My problem right now, is that (non-sequence) collection types that define __getitem__ and not __iter__ behave “surprisingly”. Often, this surprising behaviour results in infinitely hanging code, exceptions in unrelated places and sometimes even silently incorrect code. DeprecationWarnings absolutely would make the situation better.

And some code written in Python 3.9 is not capable of running under Python 3.10. Also, Python 2 was EOL two years ago. People, who still run code that was written for Python 1 and never updated, are unlikely to be using Python 3.10 right now anyway.

I am not saying that we should “move fast and break things”, but let’s not pretend that any change that breaks backwards compatibility should be instantly rejected just because some Python 1 code might no longer work.

2 Likes

Two different people answered you the same way, so if you were misunderstood, what you meant wasn’t “pretty clear”.

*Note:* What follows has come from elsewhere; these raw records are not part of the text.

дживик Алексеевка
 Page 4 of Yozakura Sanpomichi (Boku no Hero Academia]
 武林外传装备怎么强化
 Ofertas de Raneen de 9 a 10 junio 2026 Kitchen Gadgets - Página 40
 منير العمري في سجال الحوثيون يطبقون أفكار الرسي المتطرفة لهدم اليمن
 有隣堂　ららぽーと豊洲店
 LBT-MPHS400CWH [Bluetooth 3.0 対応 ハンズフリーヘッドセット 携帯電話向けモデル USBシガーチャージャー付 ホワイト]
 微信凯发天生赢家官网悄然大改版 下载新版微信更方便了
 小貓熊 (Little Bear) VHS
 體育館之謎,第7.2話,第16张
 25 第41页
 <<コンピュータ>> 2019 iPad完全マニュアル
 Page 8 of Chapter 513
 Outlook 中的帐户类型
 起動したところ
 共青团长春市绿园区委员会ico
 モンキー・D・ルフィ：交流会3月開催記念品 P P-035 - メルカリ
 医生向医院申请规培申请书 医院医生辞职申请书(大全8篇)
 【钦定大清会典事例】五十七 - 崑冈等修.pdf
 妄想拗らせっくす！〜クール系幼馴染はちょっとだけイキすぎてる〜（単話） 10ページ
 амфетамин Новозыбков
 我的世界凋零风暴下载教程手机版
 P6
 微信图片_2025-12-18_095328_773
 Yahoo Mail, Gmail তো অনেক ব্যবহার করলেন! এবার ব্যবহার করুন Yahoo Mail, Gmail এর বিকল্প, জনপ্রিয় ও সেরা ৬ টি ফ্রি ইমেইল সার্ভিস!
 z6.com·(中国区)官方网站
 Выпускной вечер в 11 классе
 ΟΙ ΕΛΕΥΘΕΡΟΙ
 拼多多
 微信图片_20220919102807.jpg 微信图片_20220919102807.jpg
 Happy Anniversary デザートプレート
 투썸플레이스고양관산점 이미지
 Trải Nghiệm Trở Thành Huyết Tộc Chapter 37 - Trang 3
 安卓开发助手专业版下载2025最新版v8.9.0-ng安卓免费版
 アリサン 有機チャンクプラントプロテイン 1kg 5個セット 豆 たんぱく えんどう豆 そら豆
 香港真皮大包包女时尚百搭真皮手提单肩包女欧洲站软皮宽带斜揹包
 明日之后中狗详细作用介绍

But I don’t think you were misunderstood. I think you were, and still are, just incorrect in your claim that classes (with or without __getitem__ are “assumed to be infinite lazy sequences by default”.

The interpreter makes no assumption about your class being lazy or infinite. The fact that your class behaves as a lazy infinite sequence is because you programmed it to behave as a lazy infinite sequence (as well as an infinite mapping).

If the user of your identity class were to write this:


obj = identity_dict()  # Your class.

key = random.random()

while True:

    try:

        print(obj[key])

    except LookupError:

        break

    key = random.random()

it would still loop forever and never terminate. And the nature of the identity dict is such that there is nothing you can do to prevent this infinite loop except tell your users “Don’t do that!” and make them aware that it is a lazy, infinite mapping.

At least with iteration (for-loops or list) you can disable that completely by setting the iter dunder to None.

It isn’t lazy and infinite “by default”, it is lazy and infinite because you programmed it to be that way.

Well yeah.

How else are you going to signal that the sequence (or mapping) doesn’t have an index/key if you don’t raise an exception?

For real collections (sequences or mappings) you have some actual data structure with a finite size, so this issue doesn’t come up. When you run out of data, you get a LookupError (IndexError or KeyError).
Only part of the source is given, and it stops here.